Ok, this is a better question.
PLCs are like any program - data is stored as different types. Think of flags as interchangeable with the term "bit", "boolean", etc. They are very important.
If you have CX-Programmer, a much better place to get information is the Instruction Reference (Help --> Instruction Reference --> yourPLC). These show time diagrams of most of the instructions and how each of the parameters and flags operate.
For example, a basic timer (TIM) works by assigning it a value. If you use a BCD type 100ms timer and assign its SV (setpoint value) a BCD value of 300 then you have created a timer with a 30 second limit (300 x 100ms). When the timer turns on it will begin counting and the PV (process value) will start from 300 and count down. When the value reaches zero the timer's flag turns ON to indicate that it has expired. If the timer's number is, say T100 then you can use T100 as a contact in another rung of logic - it will be true when the timer's execution conditions are TRUE and the timer has expired.
Differentials (UP/DOWN) are special flags which are true for only one PLC scan (ie: they are true for one execution cycle only) when their input conditions change from FALSE to TRUE (ie:OFF to ON) for UP differentials, and TRUE to FALSE (ie:ON to OFF) for DOWN differentials. You would use differentials in cases where you wanted to perform an action the moment a given condition changes.
Flags can be used for almost anything. You can use them as general booleans in your own programs, they can be parts of certain operations (ie: the CY (carry) flag is used on arithmetic operations which result in a carry - other flags are used to indicate overflows or div/0 errors, etc).
Edit again : (to answer extended question).
A basic timer's completion flag is a contact with its number. Say I have a 100ms timer, T100, which turns on when contact 10.00 is on:
10.00 ___
|-----| |---------------------------------------|TIM|
|100|
| |
|#20|
|___|
Now, once 10.00 has been ON for two seconds, the timer will elapse and the flag for timer 100, T100, will turn ON. If I had another rung where
| T100 W15.00
|-----| |-----------------------------------( )
Then work bit W15.00 would be turned on when the timer elapsed and would remain on so long as the timer's input condition remained satisfied (ie: so long as 10.00 remains ON). Flags work in different ways for different things, however. Each operation can use them in different ways.

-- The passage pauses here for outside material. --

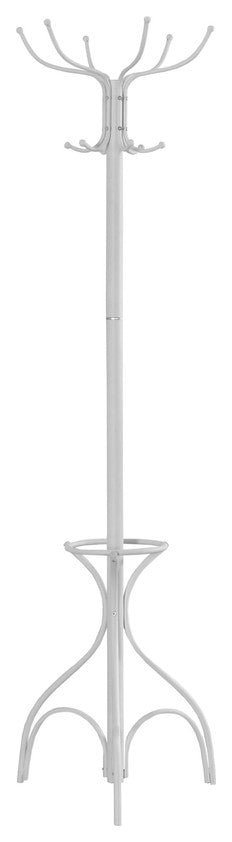18" X 18" X 70" White  Metal  Coat Rack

The example from the Omron Instruction Reference (Help -> Instruction Reference -> [select PLC]) looks like this :
Well very good explanation with example and the flags value can be found in memory area it is pure binary either 0 or 1, as i was read the documentation work-bit memory location changes as per timer type e.g TIM/TIMX or TIMH or TIMHX, both are BCD timers but unit for the timer changes.